Posted on in Illinois Divorce

St. Charles Child Support AttorneySince Illinois switched to the “income shares” method in 2016, child support payments are calculated based on the combined net income of both parents. When both parents have a job that pays a straight salary or hourly wage, the calculation of net income is fairly straightforward. The calculation can be far more complicated, however, when a parent is self-employed, retired, has a child support obligation from a previous marriage, or has some other special situation. 

The Definition of Net Income for Illinois Child Support Calculations

Illinois child support law (750 ILCS 5/505), in combination with various court rulings, defines income for the purpose of child support calculations as follows. 

Net income includes all income from all sources, broadly defined by the courts as “a gain or recurrent benefit” that “enhances a parent’s wealth and facilitates that parent’s ability to support a child.” This specifically includes:

  • Income from wages, salary, commissions, and bonuses, including pre-tax income deposited into a 401(k) savings plan or similar retirement plan.

  • “Net business income” Income from self-employment, royalties, rent received from rental properties, or the operation of a business. “Net business income” means gross receipts minus ordinary and necessary expenses.   

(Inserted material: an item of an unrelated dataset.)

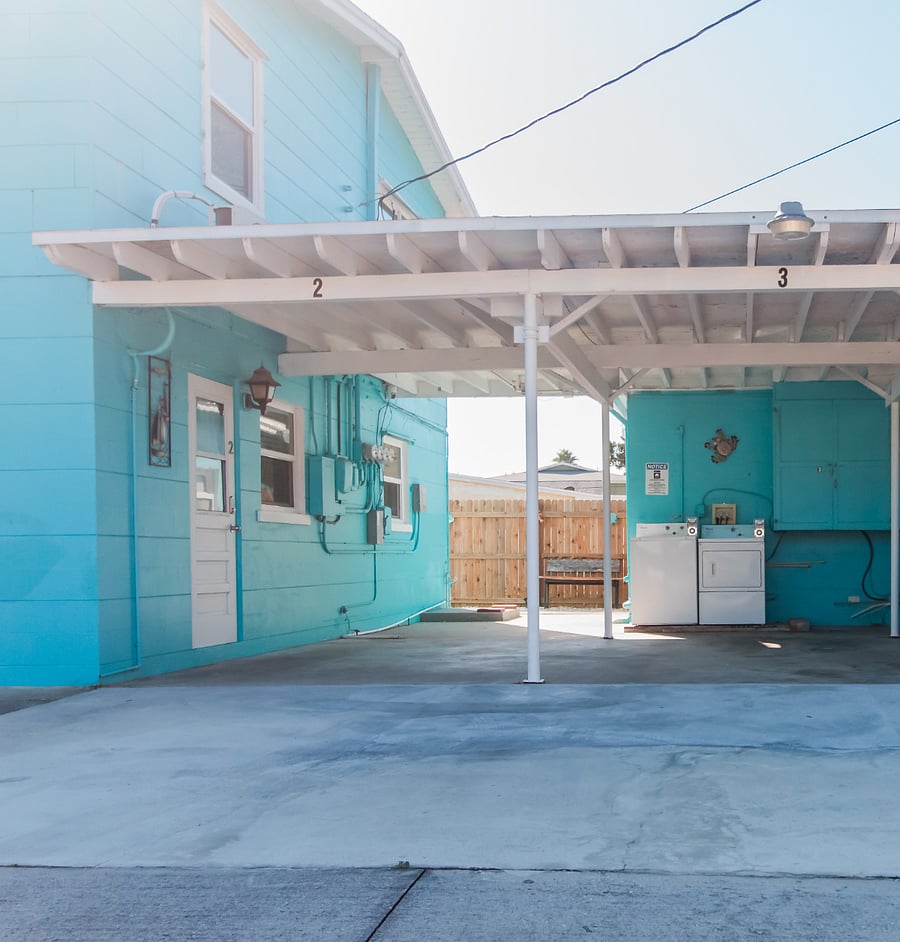 2 car tandem parking. One carport covered other open.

  • Investment income such as stock dividends, bond interest payments, and capital gains on the sale of securities.

  • Pensions and distributions from IRAs.

  • Social Security retirement and disability income; however, the parent will receive a credit toward their child support obligation for the amount of the child’s separate benefit.

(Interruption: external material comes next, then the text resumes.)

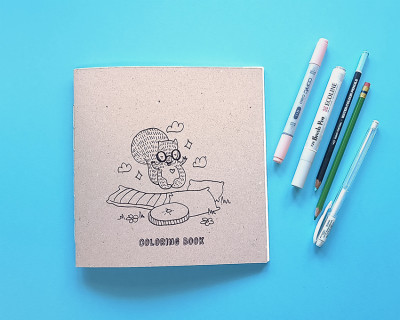 Livro de colorir com desenho de personagem e texto 'COLOURING BOOK' com canetas, lápis e caneta esferográfica ao lado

  • Distributions from a trust.

  • Lump-sum workers’ compensation awards

  • That part of a personal injury compensation award designated as compensation for lost earnings.

  • Gifts or inheritances from parents, including a settlement for the wrongful death of a parent.

  • Military housing allowances.

  • Severance pay.

  • Deferred compensation payments.

  • Employment-related perks or allowances that are significant and that reduce the parent’s personal expenses, such as a company car, free housing, or a housing allowance.

  • Maintenance payments received, whether from the subject child’s parent or from a different marriage.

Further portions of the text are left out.